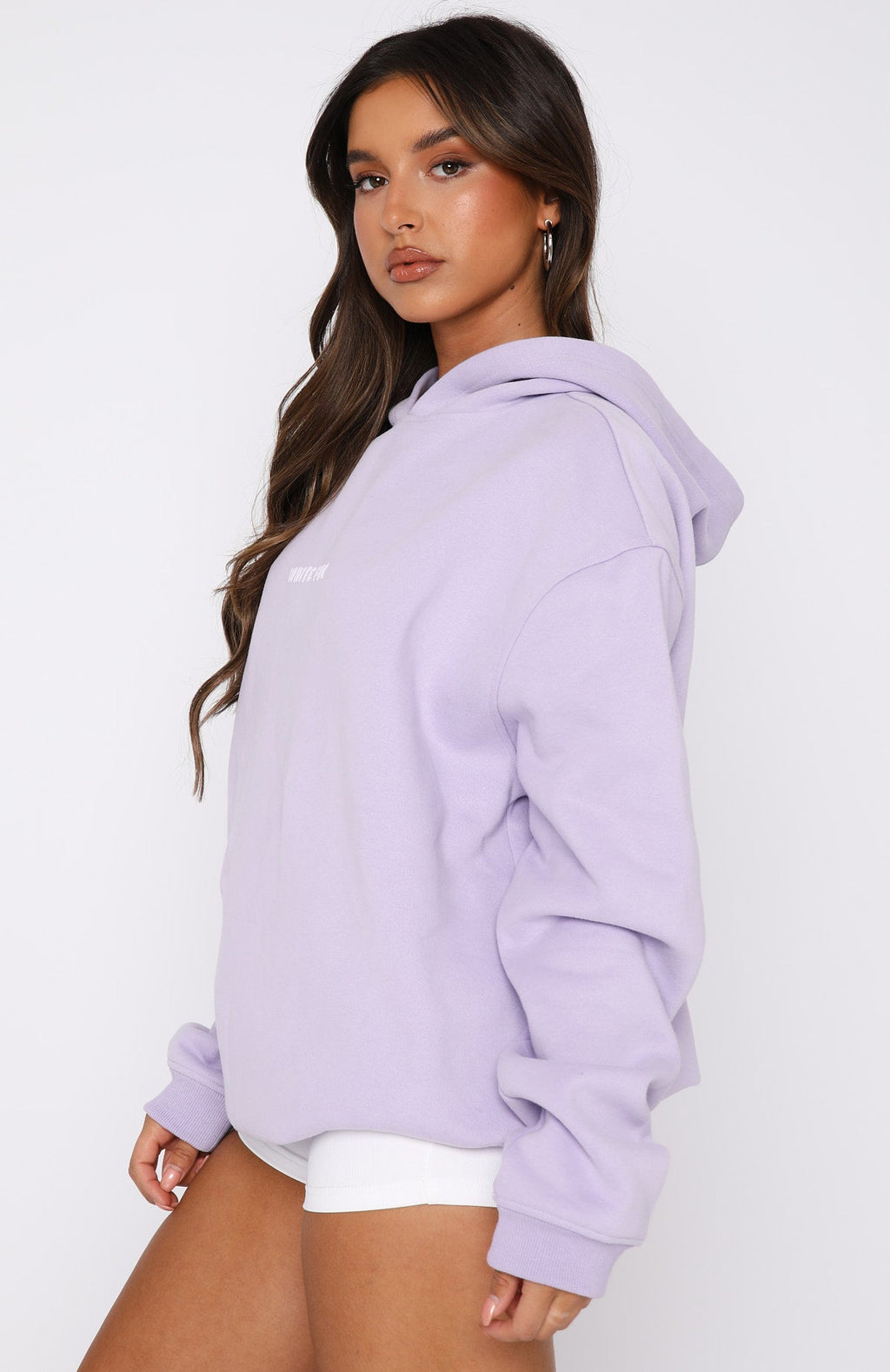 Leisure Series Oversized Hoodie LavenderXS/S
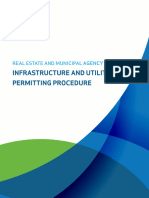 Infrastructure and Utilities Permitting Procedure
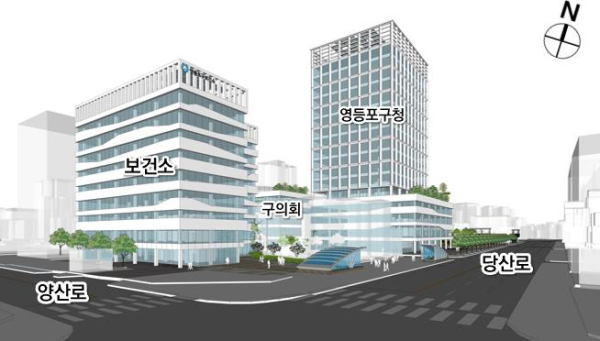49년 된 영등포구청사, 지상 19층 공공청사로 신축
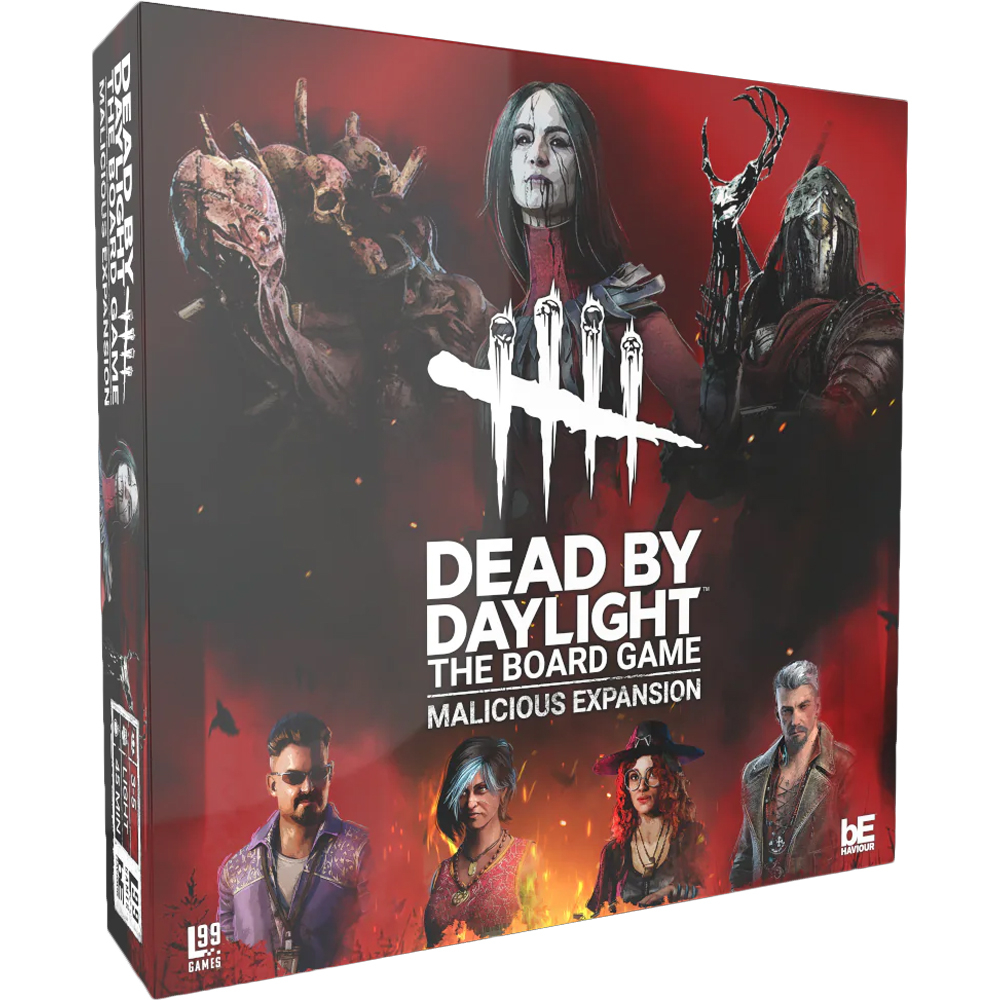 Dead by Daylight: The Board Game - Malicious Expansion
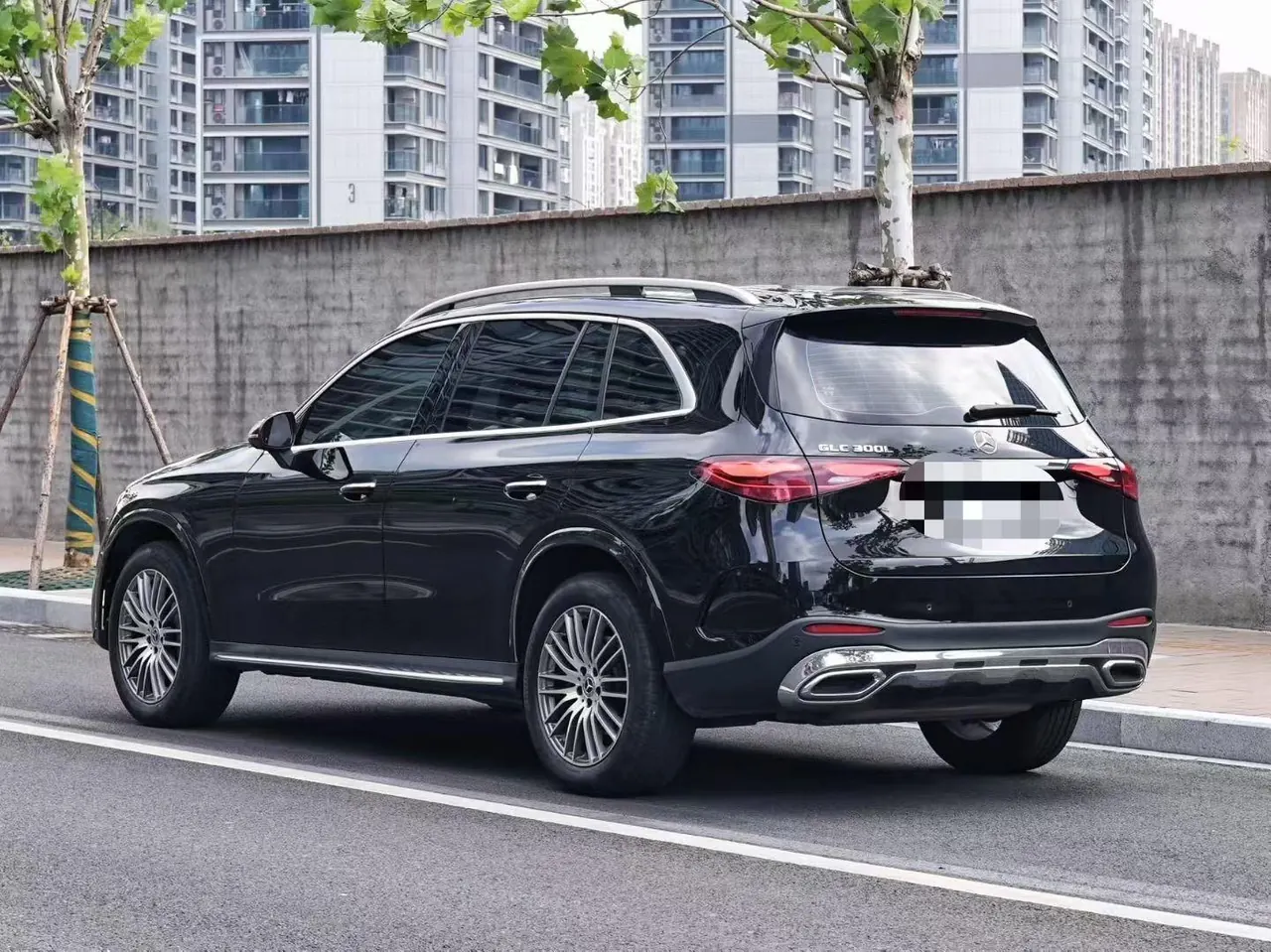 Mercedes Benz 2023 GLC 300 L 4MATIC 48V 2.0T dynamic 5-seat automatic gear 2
┄┄┄┄┄┄┄┄┄┄┄┄┄┄┄┄┄┄┄┄
> **Description of the task**
Without the pictures, copy the material exactly as given.

> **Answer**
 Leisure Series Oversized Hoodie LavenderXS/S
 Infrastructure and Utilities Permitting Procedure
49년 된 영등포구청사, 지상 19층 공공청사로 신축
 Dead by Daylight: The Board Game - Malicious Expansion
 Mercedes Benz 2023 GLC 300 L 4MATIC 48V 2.0T dynamic 5-seat automatic gear 2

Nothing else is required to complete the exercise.